Il caso dell'impianto di Serragiumenta e del “ritardo” nell'opporsi a un'ingiunzione

La Regione Calabria ha ritardato a rispondere cagionando un grave danno ad un’azienda calabrese e ora è stata condannata a pagare circa 1 mln e mezzo di euro.

Così ha stabilito la giustizia amministrativa in sede di ottemperanza ad una precedente sentenza del Tar che non era stata recepita.
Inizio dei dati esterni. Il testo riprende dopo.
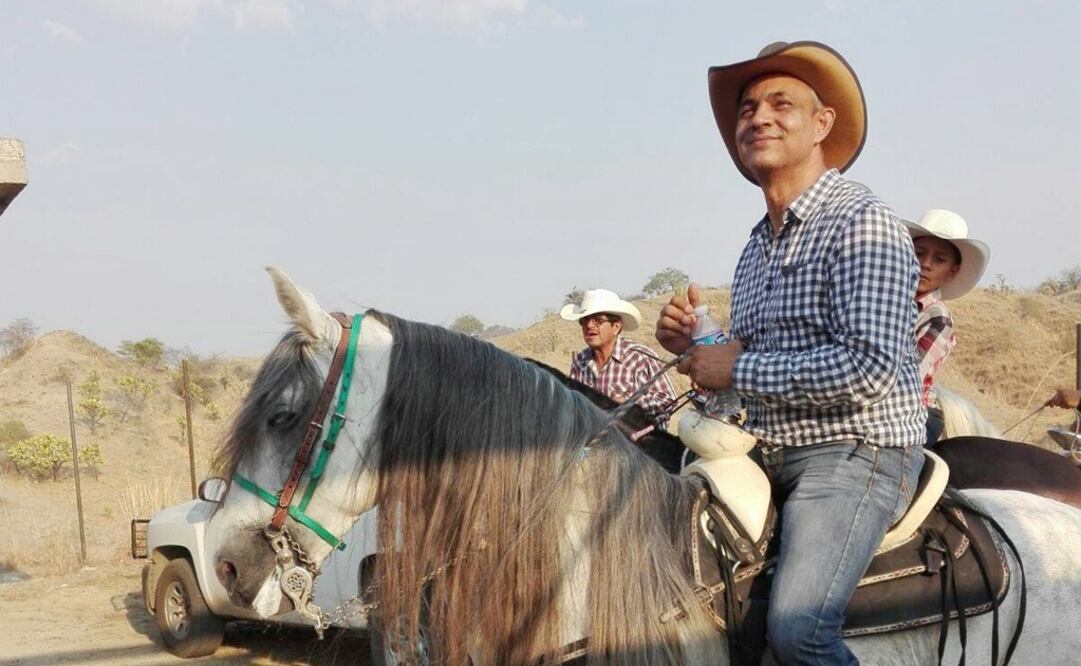 (Foto: Tomada de Facebook) Juan Carlos Andrade alcalde con licencia del municipio de Jilotlán de los Dolores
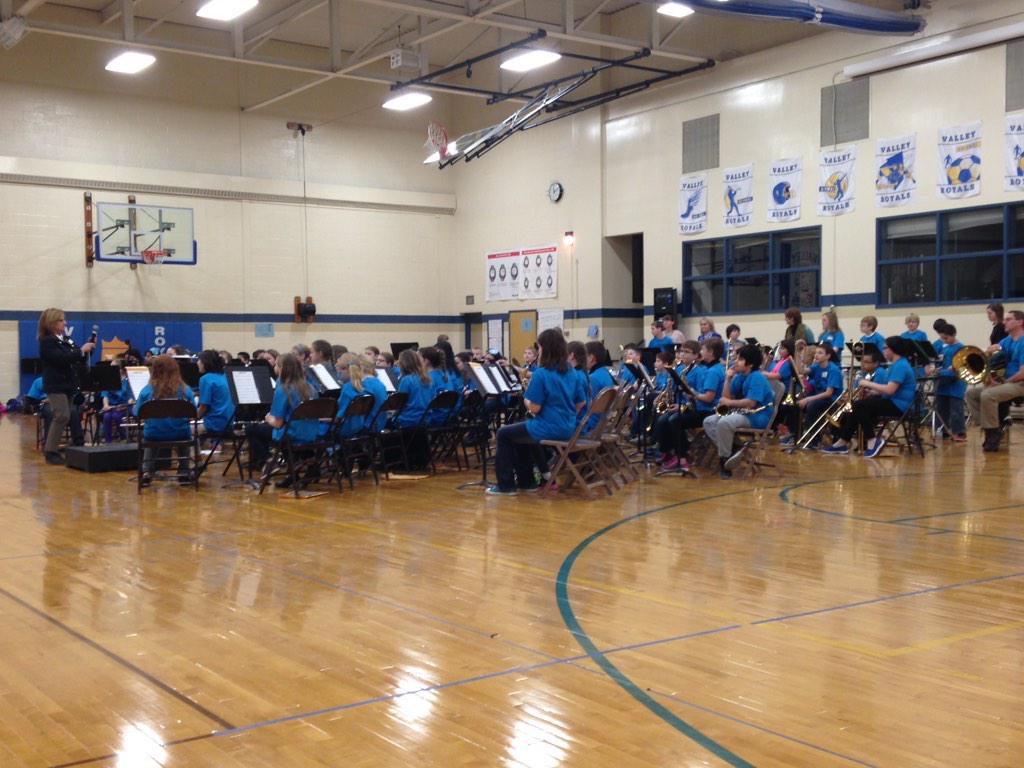 WestElemGFPS's tweet photo. 5th grade Band Festival at Valley Middle School. 5th graders from across the district performing together! http://t.co/zWVicybOjE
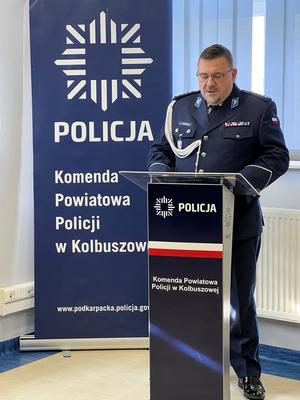 na zdjęciu Komendant Powiatowy Policji w Kolbuszowej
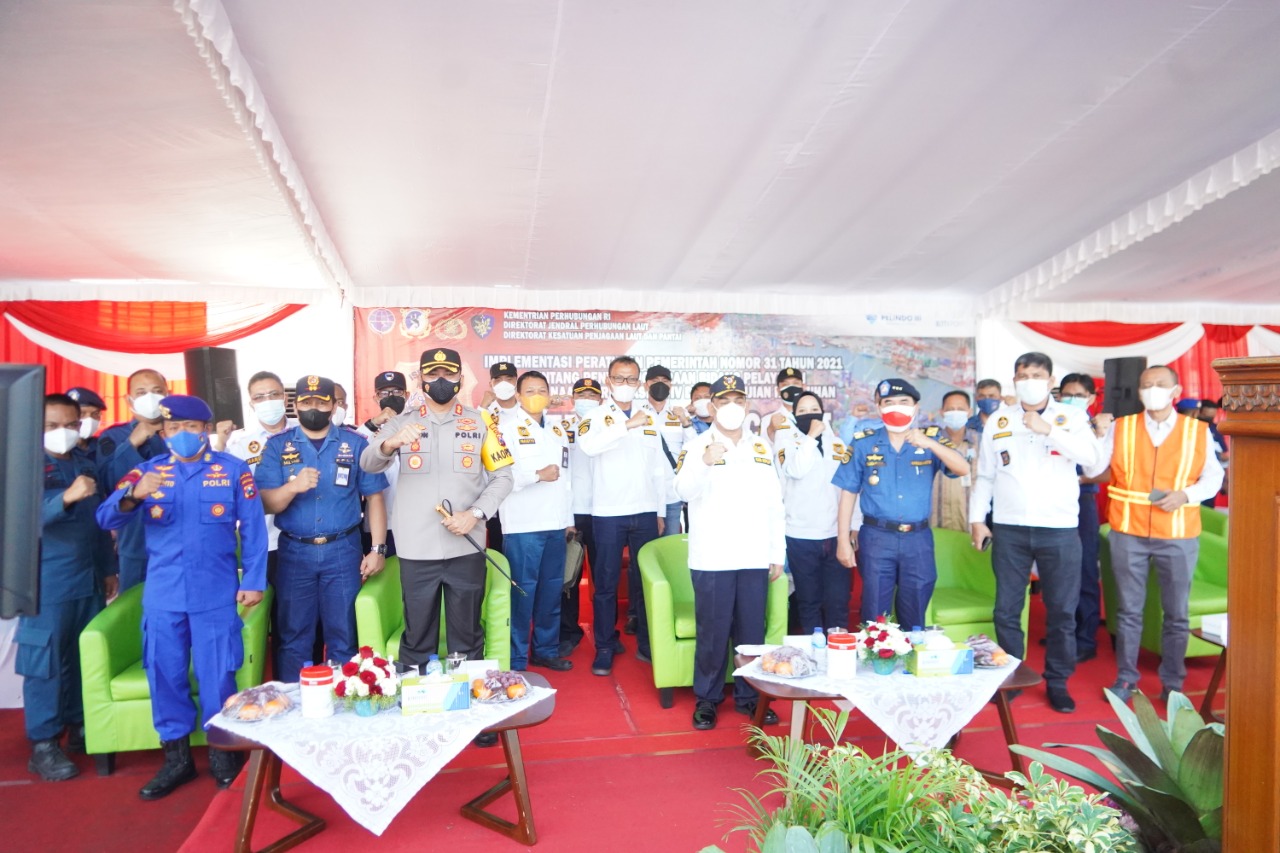 Polres Tanjung Perak Gelar Simulasi Penanganan Sabotase di Lingkungan Pelabuhan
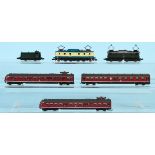 Eisenbahnzubehör - Lokomotiven, 3 Stück und 1 Triebwagenzug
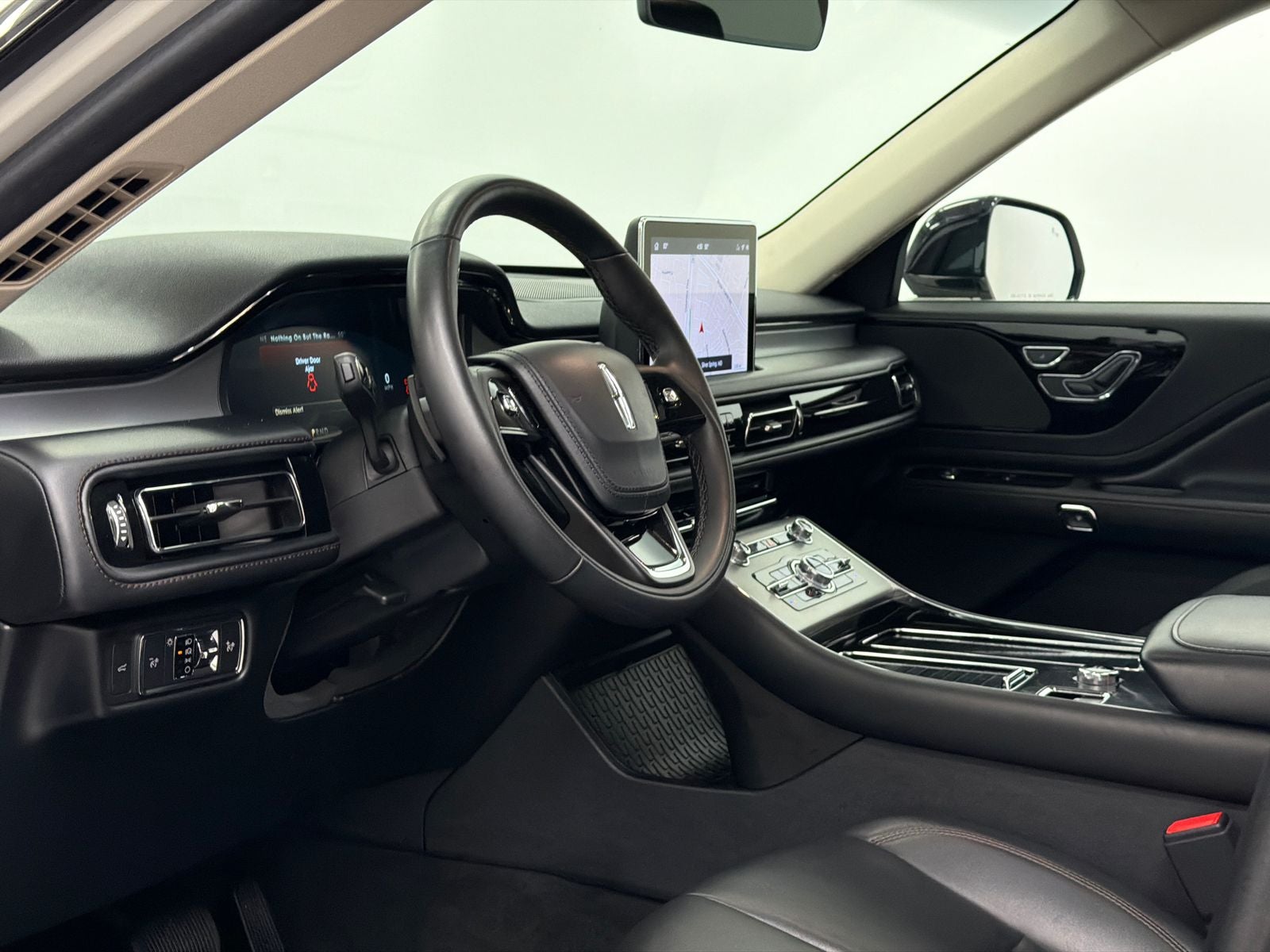 2023 Lincoln Aviator Standard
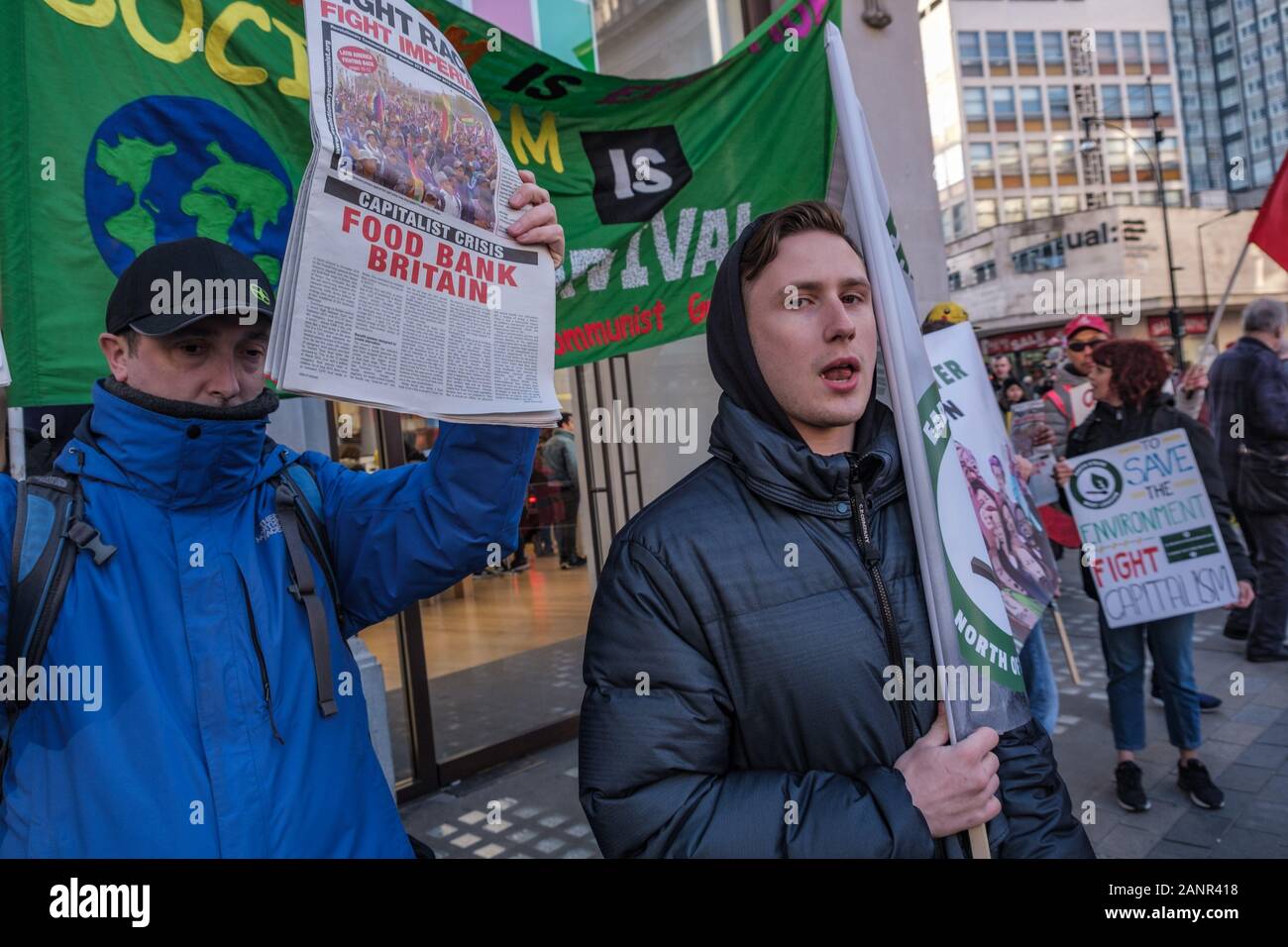 Londra, Regno Unito. 18 gennaio 2019. Sciopero di massa protesta di fronte Microsoft a Oxford Circus a causa del suo coinvolgimento nel saccheggio del pianeta, persone e risorse. Microsoft sono denominati in una causa legale contro la multinazionale britannica mining company Glencore da parte di congolesi le famiglie i cui figli sono stati uccisi e mutilati mining cobalto utilizzati nel settore degli smartphone, laptop ecc Sciopero di massa dire no allo sfruttamento del sud globale per l imperialismo e la distruzione dell'ambiente. Peter Marshall / Alamy Live News Foto Stock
Ora entro 60 giorni se la Regione non pagherà le somme dovute si insedierà un commissario ad acta per il recupero della cifra più spese e interessi. Si legge infatti in sentenza:

“Sul ricorso numero di registro generale 74 del 2017, proposto da:  Serragiumenta Agricola S.n.c., in persona del suo legale rappresentante pro tempore, rappresentato e difeso dall’avvocato Paolo Canonaco, elettivamente domiciliato presso lo Studio dell’avvocato Elvira Iaccino, in Catanzaro, al largo Pianicello, n. 19;  contro Regione Calabria, non costituita in giudizio;  per l’ottemperanza della sentenza pronunziata da questo Tribunale Amministrativo Regionale in data 20 aprile 2016, n. 830. Ritenuto, nel merito del ricorso in ottemperanza, che: h) il danno subito dalla parte ricorrente sia facilmente determinabile secondo i calcoli dalla stessa fornita, della correttezza dei quali non vi è ragione di dubitare; i) il danno va dunque stimato nella misura di € 73.942,26 per anno per venti anni dalla data di definitivo avvio all’esercizio dell’impianto, il 28 aprile 2011, e quindi in € 1.478.845,20;Il Tribunale Amministrativo Regionale per la Calabria (Sezione Prima), definitivamente pronunciando sul ricorso, come in epigrafe indicato, lo accoglie per quanto di ragione e, per l’effetto: a) liquida la somma dovuta in forza della sentenza da eseguire nella misura di € 1.478.845,20”.